- **Task goal**:
Each line, starting at the one with "2022-05-02 iki" and running to the end of the data below, is to be set down again exactly, both ends included; leave pictures out.

- **Recorded data**:

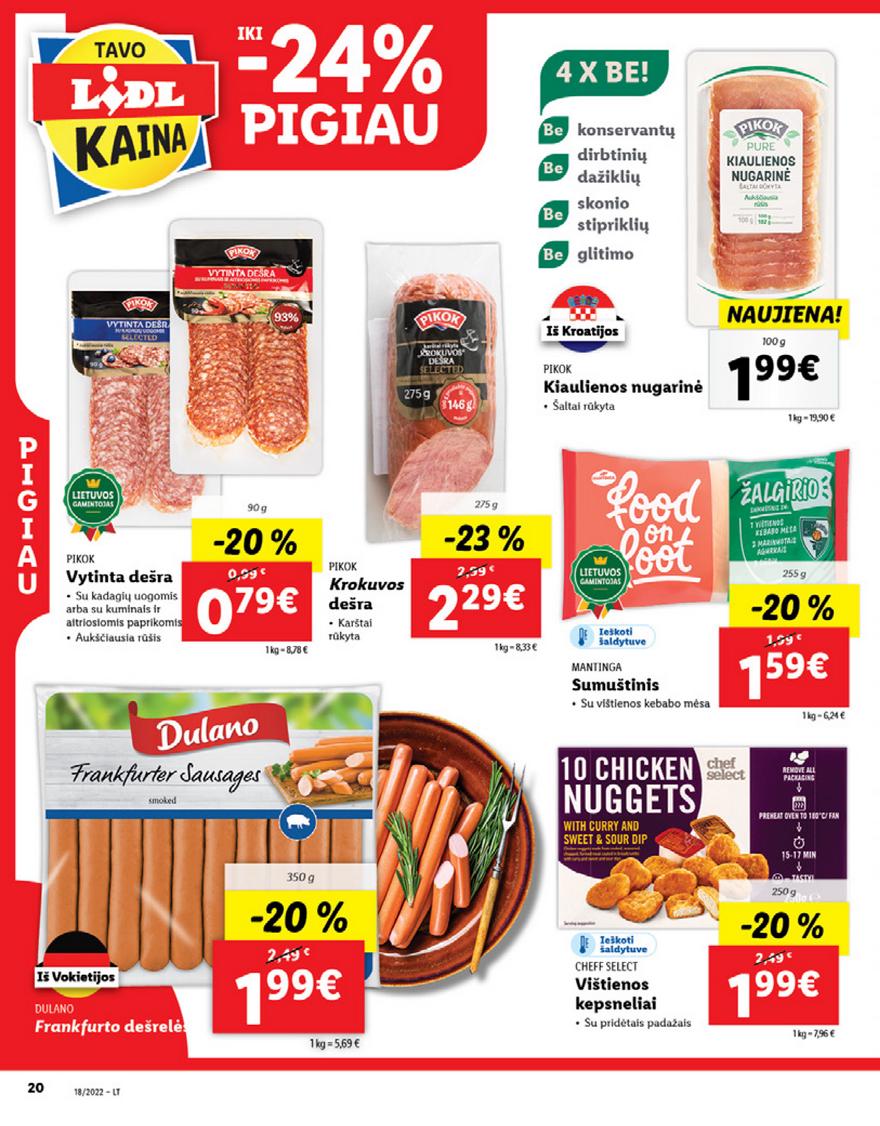 Lidl maisto prekių pasiūlymai akcijos nuo 
  2022-05-02 iki 
  2022-05-08 | Leidinukas.lt puslapis 20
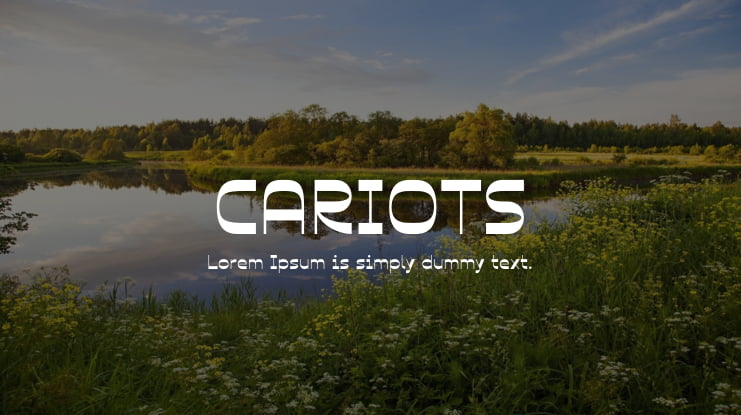 CARIOTS Font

- **Response to this task**:
  2022-05-02 iki 
  2022-05-08 | Leidinukas.lt puslapis 20
 CARIOTS Font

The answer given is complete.